MATERIALS AND METHODS

DOFIS design and operation

Based on an indirect immuno‐competitive response and tandem detection scheme, a two‐channel fiber optic immunoassay DOFIS platform was designed to achieve rapid and sensitive detection of SARS‐CoV‐2 and FluA. The design scheme is shown in Figure 1. The tandem microfluidic pools of Channel 1 and Channel 2 contained the optic fiber biosensors modified with the FluA nucleoprotein and SARS‐CoV‐2 spike protein (the details for the preparation of the optic fiber biosensors are provided in the Supporting Information), respectively. The laser diode generated the excitation light with a wavelength of 635 nm. The excitation light was propagating through total reflection in Channel 1 and Channel 2, and generated evanescent waves on the surface of the optical fiber biosensor. Due to the limited penetration depth of the evanescent wave (about 100 nm), the evanescent wave just excited the Cy5.5 labeled antibody bound to the antigen modified on the surface of the optical fiber and induced fluorophore excitation, and some fluorescent signals were coupled back to the optical fiber.
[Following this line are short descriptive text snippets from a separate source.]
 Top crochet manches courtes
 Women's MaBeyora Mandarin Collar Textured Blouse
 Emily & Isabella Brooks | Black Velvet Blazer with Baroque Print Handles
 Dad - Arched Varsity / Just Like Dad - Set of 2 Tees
The multimode optic fiber collected the fluorescence signals, and the photodiode converted the optical signals into electrical signals. The data were collected and processed by the computer. The mobile phase injection module, which consisted of a peristaltic pump, flow channel injection valve, and microfluidic pool, was used to introduce samples, buffer, and the regeneration liquid into the microfluidic pool according to the preset parameters to perform automatic detection.

Figure 1

Schematic diagram of the detection of SARS‐CoV‐2 and FluA using the DOFIS. Different procedures are represented by different background colors. The whole detection procedures from sample in to signal output could be completed within 10 min. DOFIS, dual‐channel optical fiber immunosensor; FluA, influenza A virus.
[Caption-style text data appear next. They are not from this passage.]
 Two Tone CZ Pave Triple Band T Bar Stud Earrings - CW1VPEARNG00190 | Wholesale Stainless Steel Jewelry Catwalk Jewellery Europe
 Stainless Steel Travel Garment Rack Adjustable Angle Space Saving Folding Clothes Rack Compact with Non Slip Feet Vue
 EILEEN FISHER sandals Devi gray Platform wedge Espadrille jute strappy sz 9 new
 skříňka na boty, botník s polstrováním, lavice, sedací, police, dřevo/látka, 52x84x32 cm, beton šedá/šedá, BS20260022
The analysis cycle included four steps. Step Ⅰ: throat swabs collected in the clinic were directly immersed in 100 μl of the virus lysis buffer (phosphate‐buffered saline [PBS] containing 0.1% NP‐40, pH 7.4) and lysed at room temperature for 1 min. Step Ⅱ: 100 μl of the lysate obtained in Step I was mixed with 100 μl of a working solution (PBS containing the Cy5.5‐labeled SARS‐CoV‐2 spike antibody and Cy5.5‐labeled pan‐FluA nucleoprotein antibody), and the mixture was pre‐reacted for 5 min. The paratopes of a portion of the Cy5.5‐labeled antibody molecules were occupied by antigen proteins. Step Ⅲ: the pump flow rate was set to 2 μl/s, and PBS (40s, 80 μl) and the mixed solution (80 s, 160 μl) were sequentially introduced into the microfluidic pool. The Cy5.5‐labeled antibody molecules containing free paratopes were captured by the antigen proteins attached to the surface of the optic fiber. The concentration of the target in the sample was quantitatively detected based on difference between the signal values of the sample and the blank control. Step Ⅳ: after the detection was completed, the flow rate of the pump was set to 1 μl/s, and a 0.5% SDS (sodium dodecyl sulfate) (pH 1.9) regeneration solution (40 s, 40 μl) was introduced into the microfluidic pool to dissociate the fluorescently labeled antibodies that were captured on the surface of the optic fiber for the fluorescence signal to return to baseline. Finally, the pump flow rate was set to 4 μl/s, and PBS (40 s, 160 μl) was introduced into the microfluidic pool to rinse the optic fiber before detecting next sample.

Evaluating the performance of the DOFIS with simulated and real clinical samples

To investigate the detection performance of the established DOFIS, clinical simulation samples containing influenza virus strains and novel coronavirus pseudoviruses were tested and evaluated, and the detection results were compared with LFIA (colloidal gold test strip method), ELISA, or RT‐PCR. The used FluA, that is, H1N1 (A/Puerto Rico/8/34/Mount Sinai), was stored in our laboratory. After optimizing the conditions, we focused on testing the detection performance of the DOFIS method for COVID‐19 samples. The clinical swab samples related with COVID‐19 were stored in the laboratory. Twenty‐six swab samples from closely connected with confirmed SARS‐COV‐2 cases were examined by RT‐PCR laboratory.

Data analysis

The dose–response curve for the SARS‐CoV‐2 spike protein or FluA nucleoprotein was fitted with a four‐parameter logistic model according to Equation (1): where I is the normalized signal value from at least three parallel tests; A1 and A2 are the upper and lower asymptote to the dose–response curve; (Ag) is the concentration of target protein, that is, SARS‐CoV‐2 spike protein or FluA nucleoprotein; (Ag0) is the target protein concentration at inflection; and p is the slope at the inflection point.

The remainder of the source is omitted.